The Art Plaza is a rare example of where a local government has refitted a building for a new function. It was built originally as a library and in 1996 it was reborn as a gallery. Most governments in Japan seem to prefer the "scrap and build" approach, and just knock old buildings down.

Well, it's usually quicker to scrap and build. In this case, too, when they decided to move the library elsewhere it would have been quicker to knock this building down and build a new one. But if they did that they would have ended up with a terrible building! Actually, the public voiced their support for keeping the original building, so it was turned into an art gallery.

Despite all this, your activities are not limited to architecture. In addition to writing, criticism and judging architecture competitions, you also get involved in large-scale public projects, such as Fukuoka's bid to host the 2016 Olympics.

Yes, we lost to Tokyo, and now they are competing against other cities internationally. I had been thinking for a while about how it would be possible for Japan to host the Olympics somewhere other than in Tokyo. If you stage them in Tokyo, it's the capital city, and the message of a "nation" becomes too strong. This always happens when a capital city hosts the Olympics.
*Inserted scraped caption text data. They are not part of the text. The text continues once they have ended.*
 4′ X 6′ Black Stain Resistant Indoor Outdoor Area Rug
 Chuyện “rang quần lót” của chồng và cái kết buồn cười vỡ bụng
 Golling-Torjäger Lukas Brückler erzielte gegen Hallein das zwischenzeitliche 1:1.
You know, technically speaking, the Olympics must not be held by a country; the host must be a city. But it's got so big these days that the national governments support the host cities.

So I thought Japan should do something different. Fukuoka! It's not a capital, not a country — it's Kyushu. But my plan was much bigger than that. I wanted to involve Pusan in South Korea, Qingdao and Shanghai in China and if possible Taipei in Taiwan, too. I wanted to bring all these areas together — the countries, no, the cities that form a ring around the East China Sea, to become joint hosts of the Olympics.
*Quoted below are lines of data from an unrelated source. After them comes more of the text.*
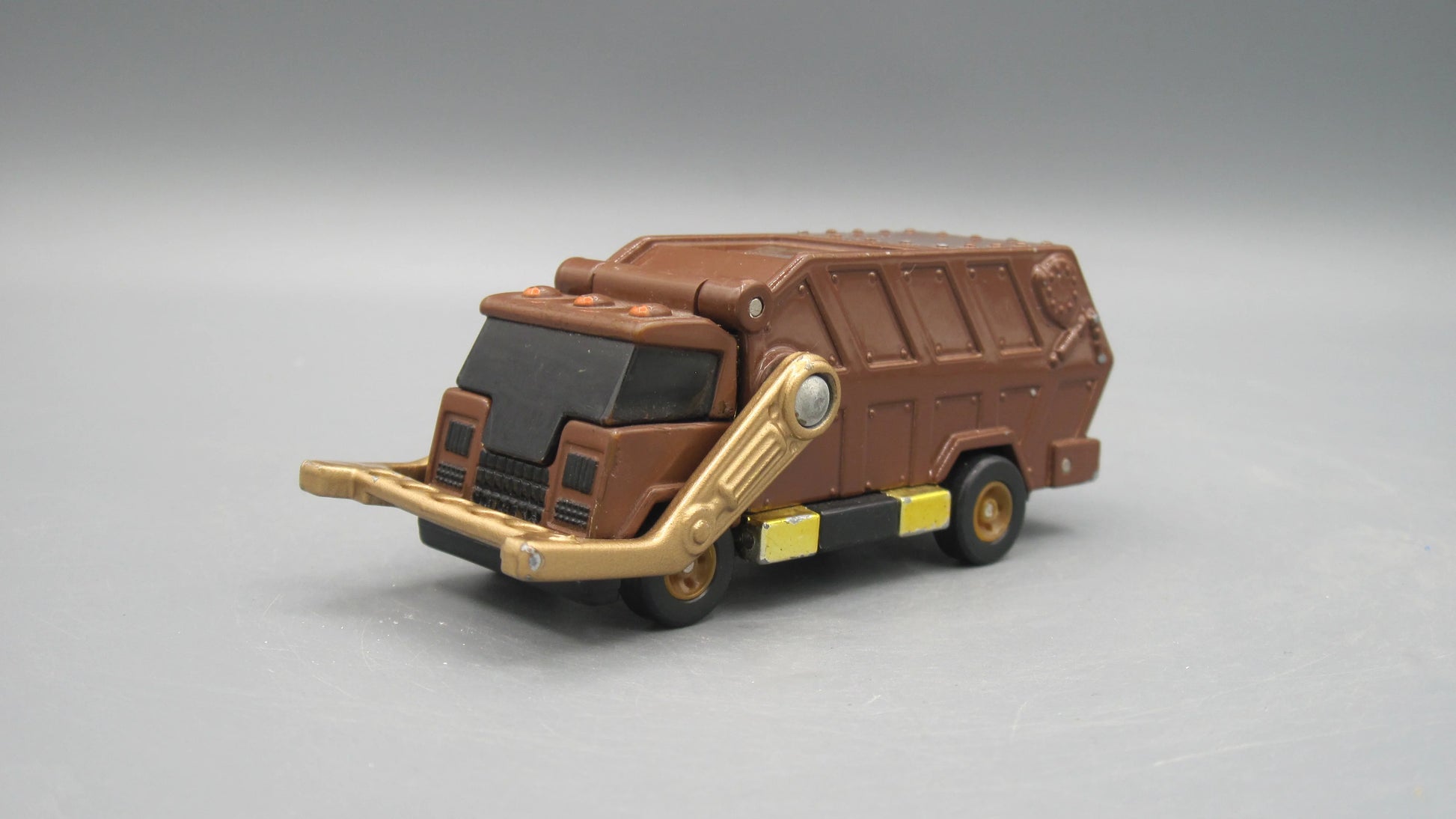 Maisto     Transformer Garbage Truck  Brown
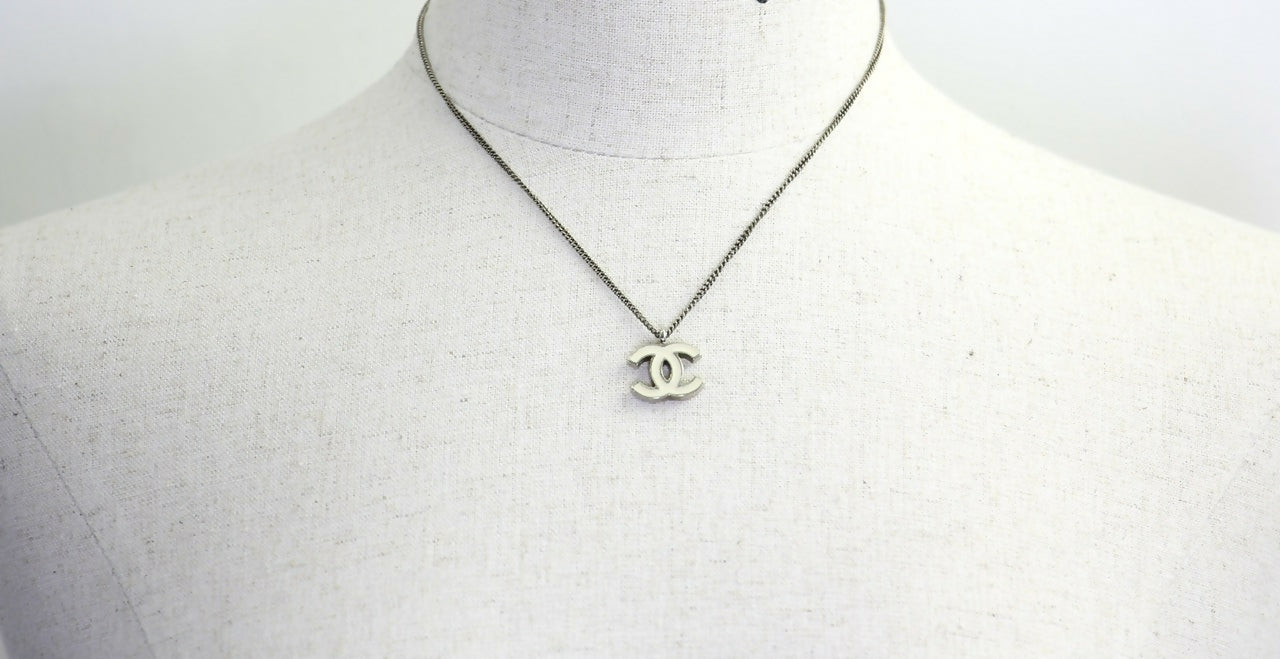 Chanel Vintage 02C Enamel White CC Necklace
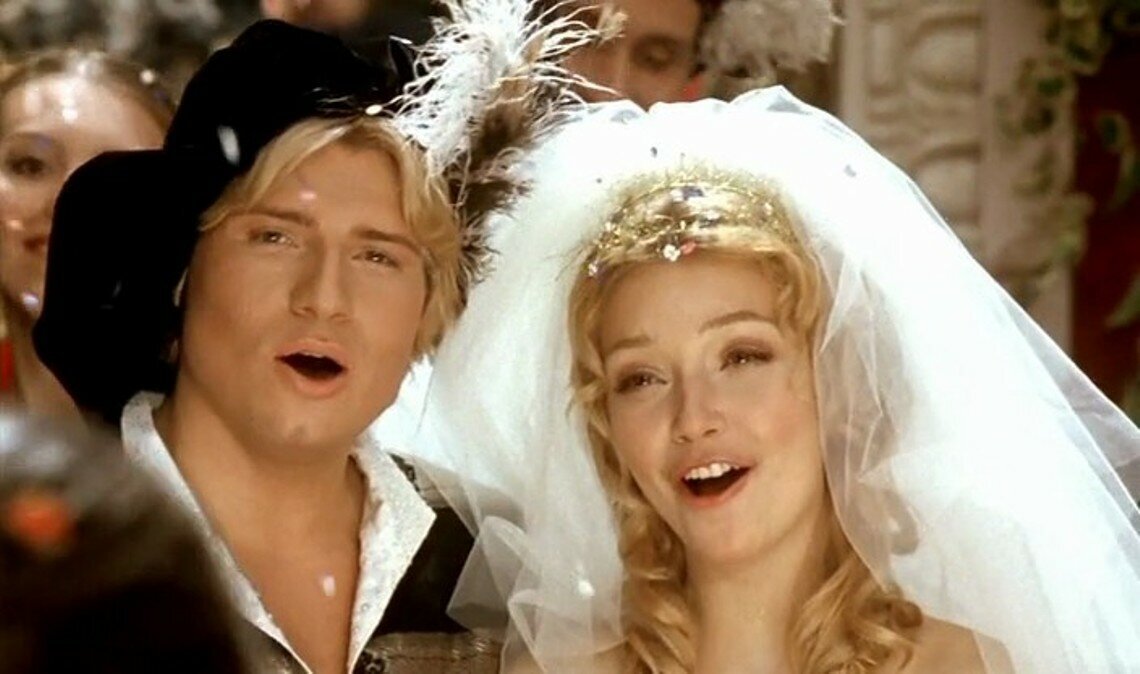 Юлия Маврина в мюзикле "Золушка". Фото из открытых источников.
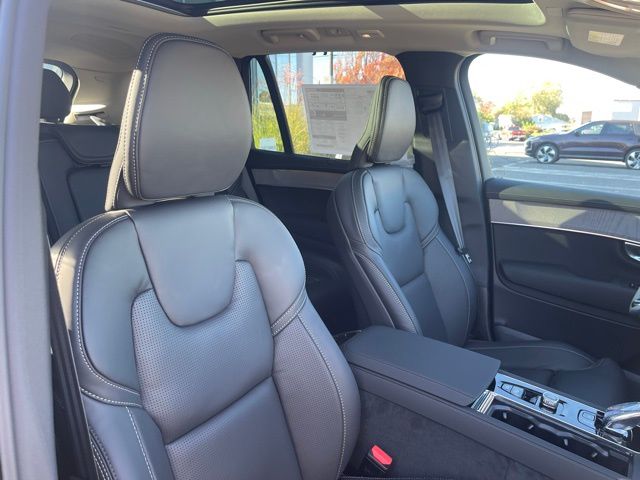 2026 Volvo XC90 Ultra - Photo 21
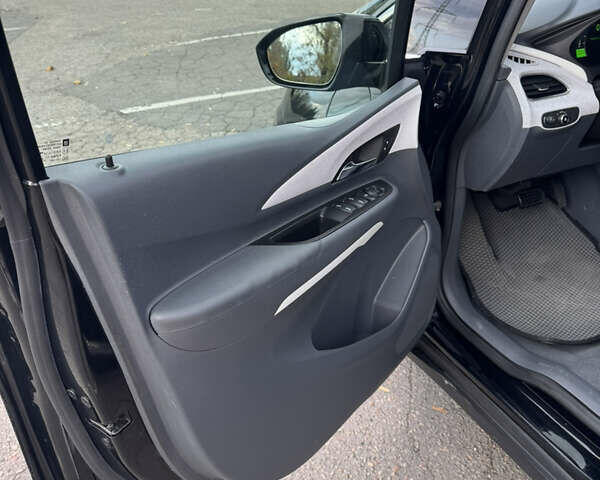 Черный Шевроле Bolt EV, объемом двигателя 0 л и пробегом 171 тыс. км за 12500 $, фото 10 на Automoto.ua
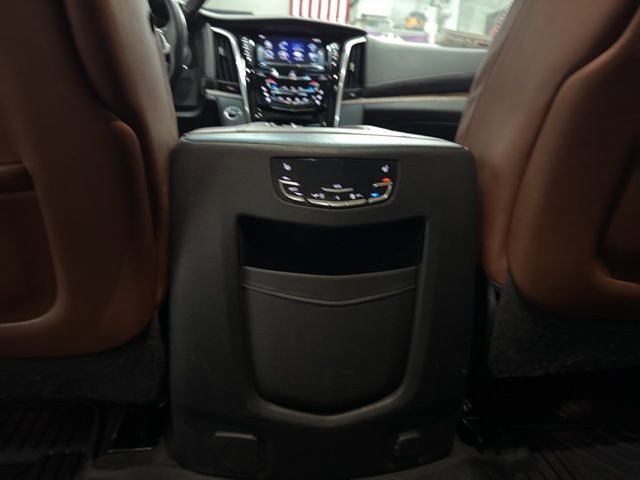 Used 2017 Cadillac Escalade Luxury AWD/4WD image 19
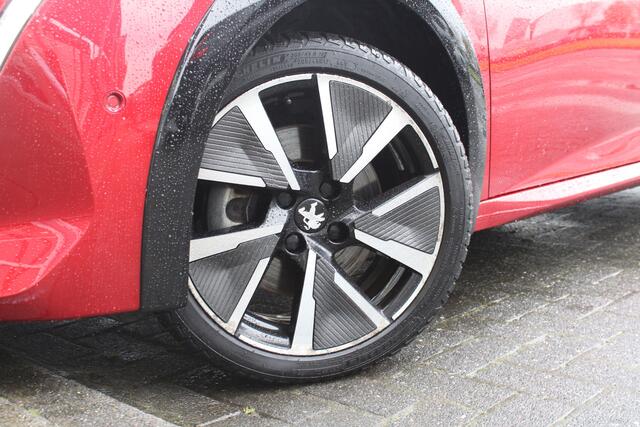 Peugeot e-208 EV GT Pack 50 kWh | Panoramadak | Camera | Keyless | AppleCarplay | Verw. Voorstoelen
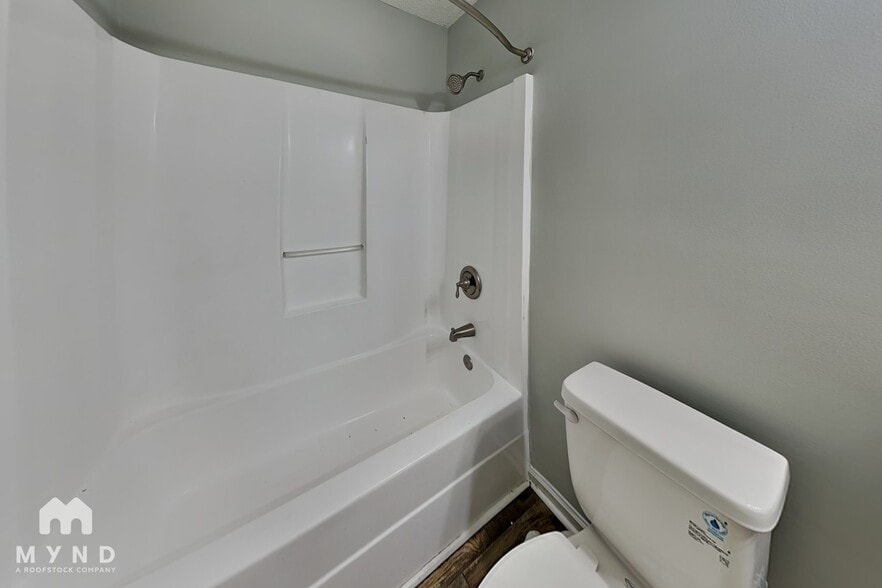 Building Photo - 200 Cedar Ridge Cir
I proposed that idea to Fukuoka and they officially made the presentation. I was told at the time that our plan was better than Tokyo's. But, in Japan, these decisions are not made on merit alone; it's money that talks. Tokyo had 10 times the population and 10 times the budget, so they gave it to Tokyo. It was a simple reason. It couldn't be helped. But, this idea that I had, I think in the 21st century other areas will realize that it is the best choice.

That's quite a revolutionary idea you had, and that reminds me: your first name, Arata, means "new." Why did your parents call you that?
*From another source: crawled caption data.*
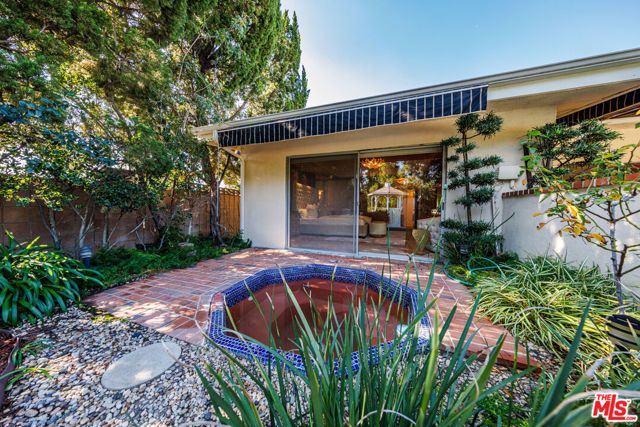 12324 Kenny Drive, Granada Hills (los Angeles), CA 91344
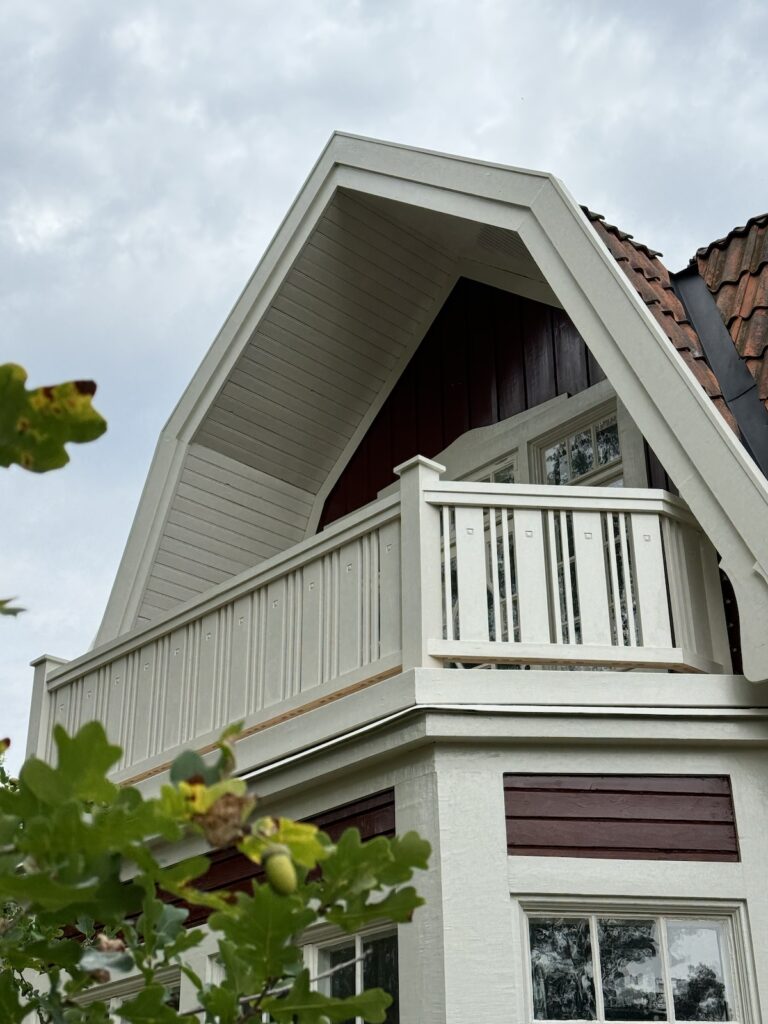 Fasadmålning 1910-talshus, linoljefärg, renskrapad, Enebyberg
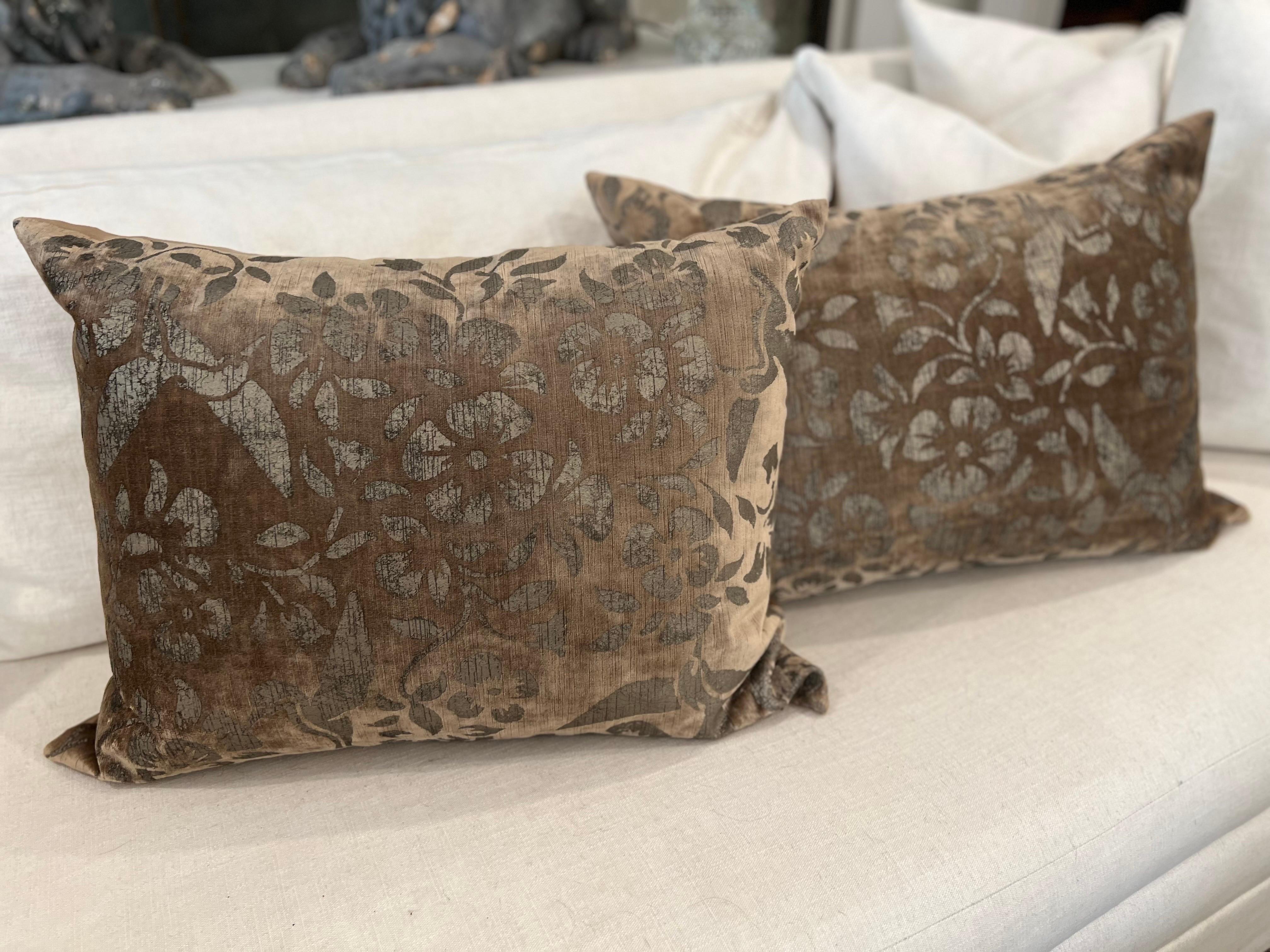 Pair of Hand Painted Velvet Lumbar Pillows on Silk For Sale 2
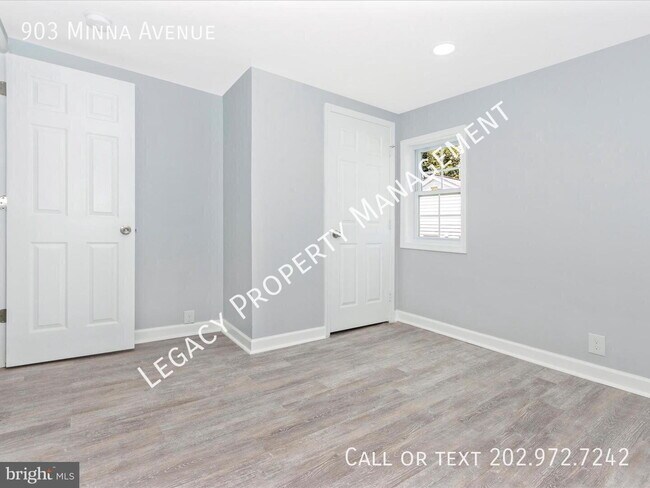 Building Photo - 903 Minna Ave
My father was a haiku poet, and he was part of what was known as the Shinko Haiku (New Haiku) movement. They wanted to transform the old style of haiku into a more contemporary style. So he was interested in new things, too.

Also, my mother's father wrote kanshi, which is traditional Chinese poetry. I think my grandfather selected a few characters and my father chose this one.

This year you are celebrating your 77th birthday. What have you got planned?

I do architecture and urban planning. I've also done lots of work with artists. I write, half as a critic, half as a historian. The only way to present all of this work is through exhibitions. When I turned 60, about 20 years ago, they gave me an exhibition at Los Angeles MOCA to celebrate, and it toured the world for about three years. When I turned 70, the Deutsches Architekturmuseum in Frankfut, put on an exhibition for me, too.

But in Japan it is actually 77 that is the most important milestone. When you write the characters for 10 and 7 you end up with the character for yorokobu, which means "to celebrate." This is the year of celebration, as far as I'm concerned. There are seven different exhibitions that I will be holding at different times during the year. You should come and see them!



Information about Isozaki's seven exhibitions being held throughout this year can be found at www.isozaki.co.jp. Highlights include an exhibition of his museum designs at the Museum of Modern Art, Gunma (till June 22), an exhibition of his residence designs at Art Plaza in Oita City, Kyushu (till January) and an exhibition about the exhibitions he has curated at Hara Museum Arc, Gunma (July 27 through Sept. 23). The exhibition at Hara, which was itself designed by Isozaki, coincides with the opening of a new pavilion that he has made for the institution.